At dawn on December 26, Guacanagarí rode by canoe to meet Columbus aboard the Niña.
That afternoon and over the next week, the two men would have a series of conversations—dramatized in Encounters Unforeseen—resulting in understandings that Columbus would leave a portion of his crew behind under Guacanagarí’s protection when Columbus returned to Spain in his one ship and that an emissary of Guacanagarí would accompany Columbus to Spain to meet King Ferdinand and Queen Isabella. A rudimentary fort would be constructed for the men remaining with Guacanagarí from the planking of the Santa María salvaged from the wreckage. They discussed Caribe raiding, and Columbus offered Guacanagarí that Ferdinand and Isabella could protect his people from the Caribes.
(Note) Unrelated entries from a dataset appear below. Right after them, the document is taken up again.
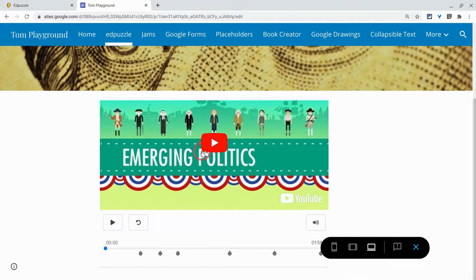That's it. Great for unit websites, digital breakouts. If you have a website for a specific lesson, throw in an Edpuzzle — just a nice interactive activity for your students. If you have any questions about this, please comment below or tweet me at Tom E. Mullaney. Please like, share, and subscribe. Thank you so much for watching.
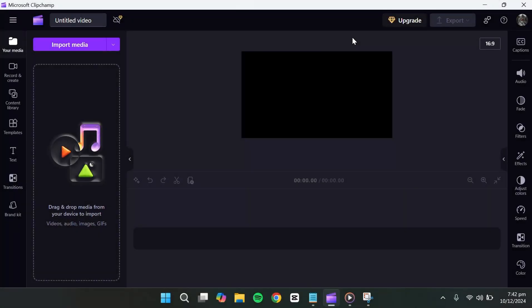Hello everyone. In this video, I'll show you how to edit captions in ClipChamp. So let's get started.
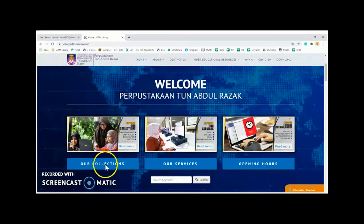First, go to the library website at https://library.uidm.edu.my.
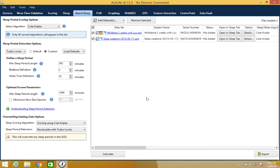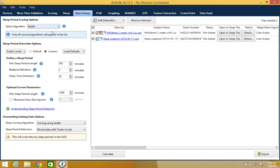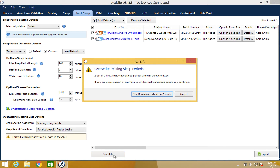Once you've added all your data sets, you can then select your sleep scoring algorithm and your sleep period detection options. Once these are all selected, click Calculate and your files will be processed and scored.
Columbus deceived Guacanagarí as to his true intent. On the evening of December 26, Columbus assured Isabella and Ferdinand in his Journal that the entire island of Española—which he believed larger than Portugal—could be subjugated with the men he had because the inhabitants had no arms and were cowardly. He wrote that the fort to be built was not even necessary for his men’s protection, but would acquaint the Indians with the sovereigns’ skills and powers, so that the Indians would obey with love and fear. He promised that, on his return to Española, his men would have found the gold mines and, within three years of colonization, the sovereigns would achieve such profit that they could undertake the recapture of the Holy Sepulcher in Jerusalem from the infidel.